In my fight against the inevitable-the middle-age dad bod-I've modified my fitness routine.

a group of people underwater

In my fight against the inevitable-the middle-age dad bod-I've modified my fitness routine. It used to be jogging and jiu jitsu, but my joints and my budget health insurance plan mean that high-impact is now a bad idea. So I've hit the water-distance swimming, freediving and spearfishing. Gentler on the body but hard on a social life: Aside from spluttering a few words between gasps to a dive buddy, there's not a lot of interaction. Freedivers are often solitary creatures anyway, and spearfishers are defiantly antisocial despite the requirement that you dive with a buddy. Maybe "buddy" is the wrong word. You don't have to like your buddy; you only have to trust them with your life. Get skunked? Blame your flailing, fish-scaring buddy. Sharks show up? Just swim faster than your buddy. 

The search for the aquatically like-minded is why Elaine Hicks, a freediving instructor who's obsessed with the sport, created a group freedive meetup on social media (@theunderwatertherapist, if you're similarly aquaverted). "I noticed a gap in the community, and it was really hard to find dive buddies," she says. Hicks is also a social worker and research psychologist, which is helpful because we freedivers are all kinda nuts. To make the meetups more interesting, she created an underwater obstacle course inspired by her mentor, pro freediver Adam Stern, because holding your breath for minutes at a time while diving to a hundred feet or deeper isn't sufficiently interesting. But the course fulfills Hicks' two primary aims: "to bring people together to dive in a safe environment," she says, "and to have fun."

I caught wind of Hicks' submerged gauntlet and joined a gathering of about two dozen freedivers on a calm Saturday morning at Makaha, in Leeward Oahu.

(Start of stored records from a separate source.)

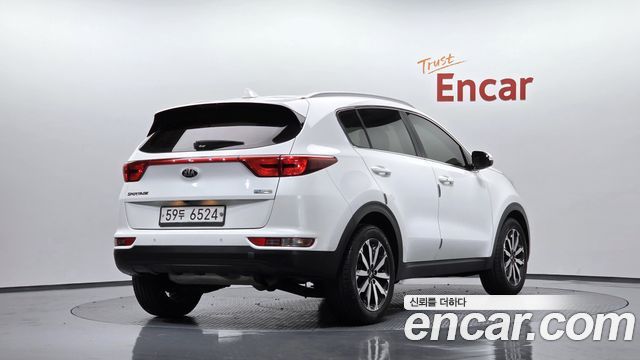 Kia Sportage из Кореи Encar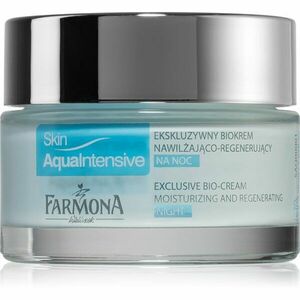 Farmona Skin Aqua Intensive hydratační noční krém 50 ml obraz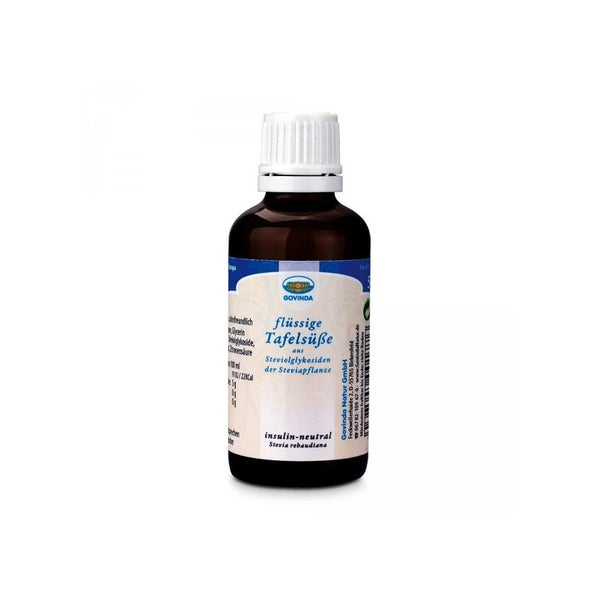 Govinda - Stevia flüssig, Tafelsüße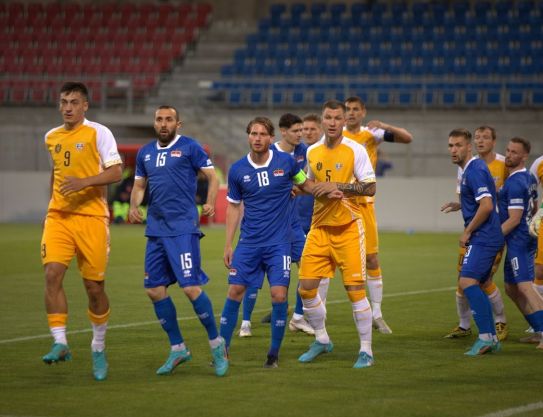 Two goals against Liechtenstein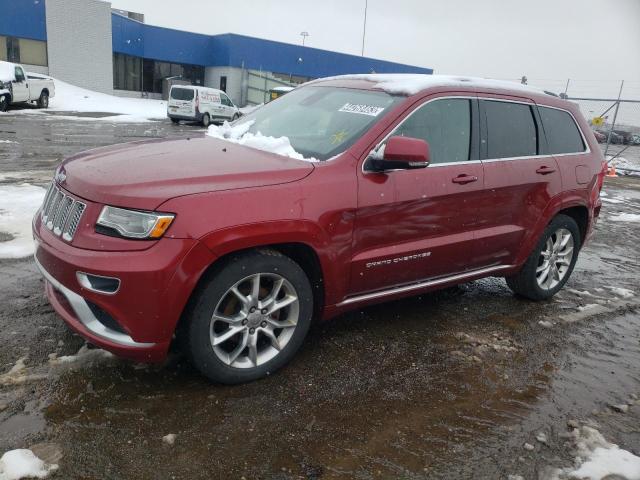 JEEP GRAND CHER 2015 with VIN 1C4RJFJG1FC135076 - Photo from auction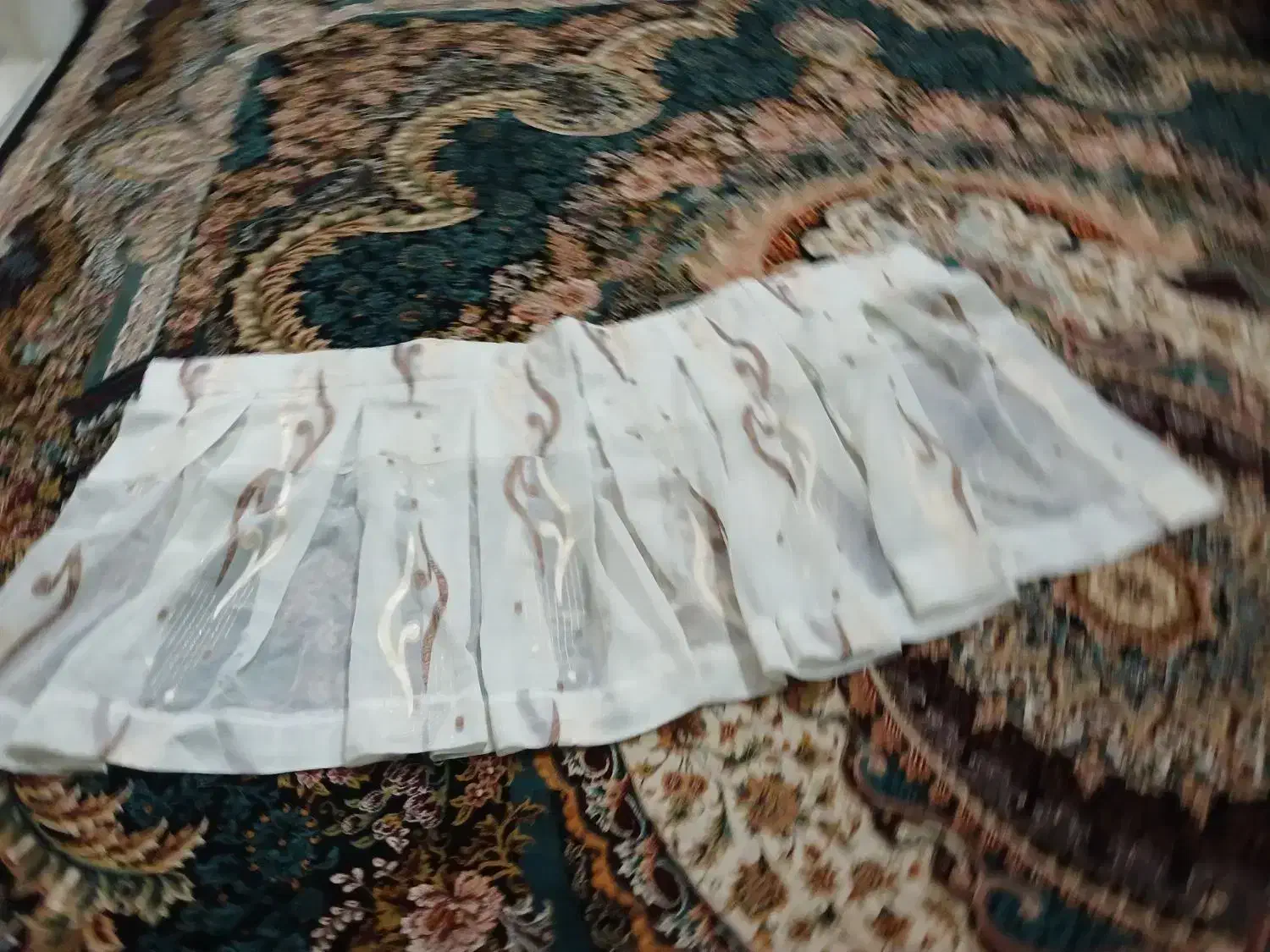 پرده|پرده، رانر، رومیزی|قم, نوبهار|دیوار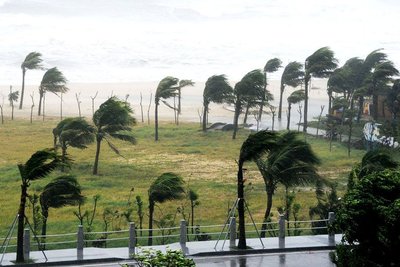 3号台风暹芭生成,确定登陆我国,台风的威力有多大?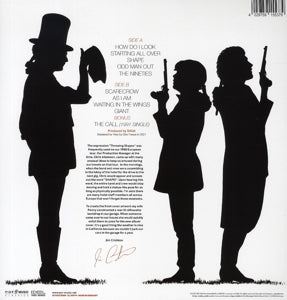 Beginner's Guide To Throwing Shapes - .. Guide To Throwing Shapes / 180gr. - Back Cover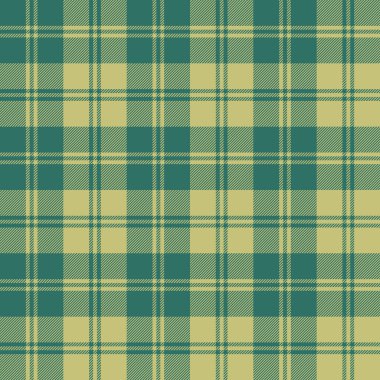 Kusursuz tartan desenli vektör çizimi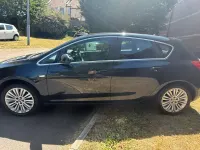Used Vauxhall Astra Excite 2014 Black Hatchback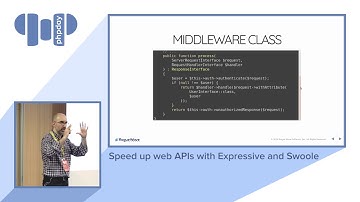 Enrico Zimuel - Speed up web APIs with Expressive and Swoole - phpday 2018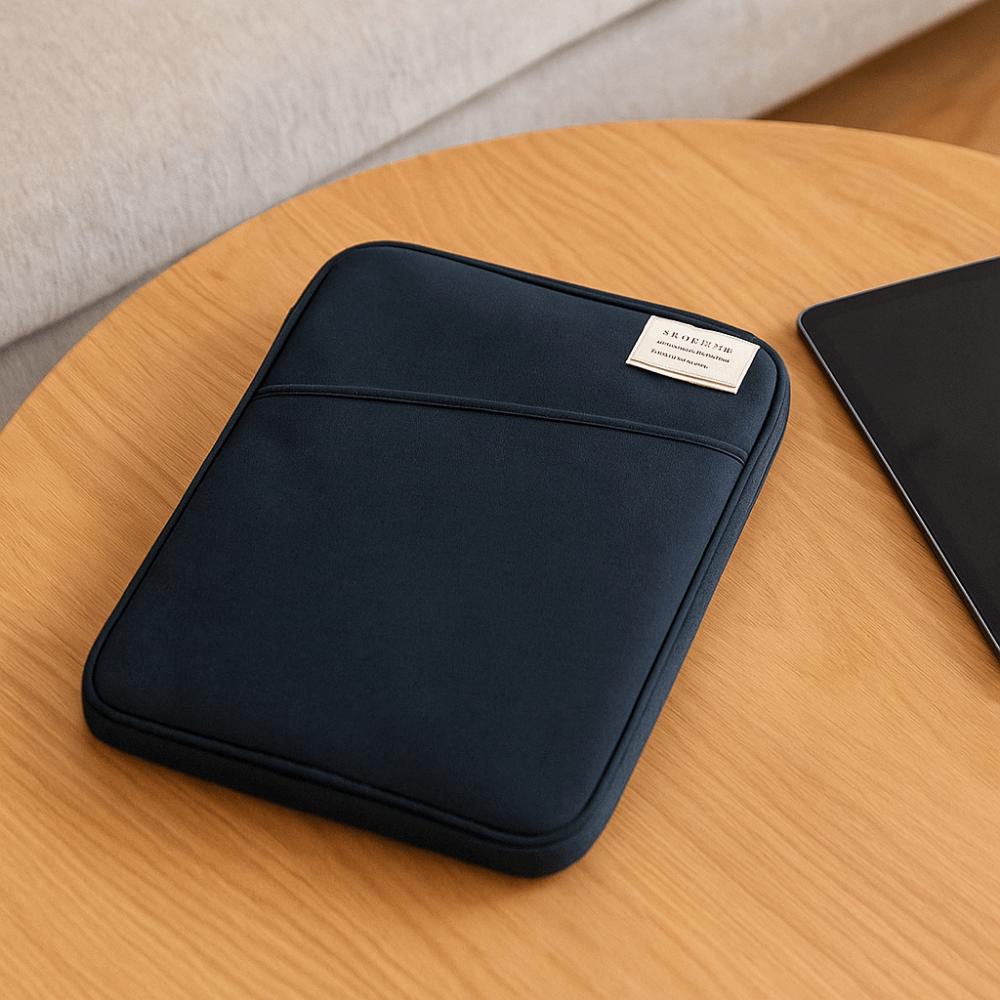 Shockproof 13 Inch Laptop Sleeve Protective Wear-resistant Laptop Carrying Case with Zipper Soft Tablet Pouch Laptop Accessories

The underwater obstacle course is made from hula hoops at different depths and pool noodles, all weighted down at about fifteen feet and roped out across about twenty-five yards between two safety buoys. It takes Elaine and four friends about a half-hour to swim it out and set it up. 

It's just the right amount of challenge for a fairly competent freediver. To complete the course you start on the surface with a big breath, duck-dive down and assume the streamline position-arms up and tight to your head. Finning along, you have to contort your body to steer through the hoops and weave to either side of the vertical pool noodles, becoming more dolphin than human. You surface at the safety buoy on the other side, signaling an OK to the safety diver who's watching you for signs of hypoxia-low oxygen, which often looks a lot like passing out. Everyone takes turns as safety divers. When a diver snags her weight belt on one of the hula hoops, two divers are there in seconds to untangle her. Everyone else repairs the course and keeps on swimming.

It's not about speed-no one runs the course for time, because speed is contrary to the essence of freediving, which is to chill out underwater. Relaxing and slowing down are, ironically, how you win the race. Economy is key: Every muscle contraction burns oxygen, so you try to navigate the course with as few movements as possible. There's a broad mix of abilities: Some breeze through, others struggle to complete the course in a single breath, some surface midcourse. 

What you won't find, besides actual air, is an air of competition-it's about fun and, for a real athlete or an aging salt like me, training value. I'll run the course a few times as a warm-up. Then I'll ditch my fins and run it CNF (constant weight, no fins), or hold my weight belt in one hand and a rock in the other to see if I can make it halfway through on one breath. While waiting our turns, we dive down to check out the wildlife or practice blowing bubble rings. Some wander over to Makaha Caverns to check out the reef sharks living there.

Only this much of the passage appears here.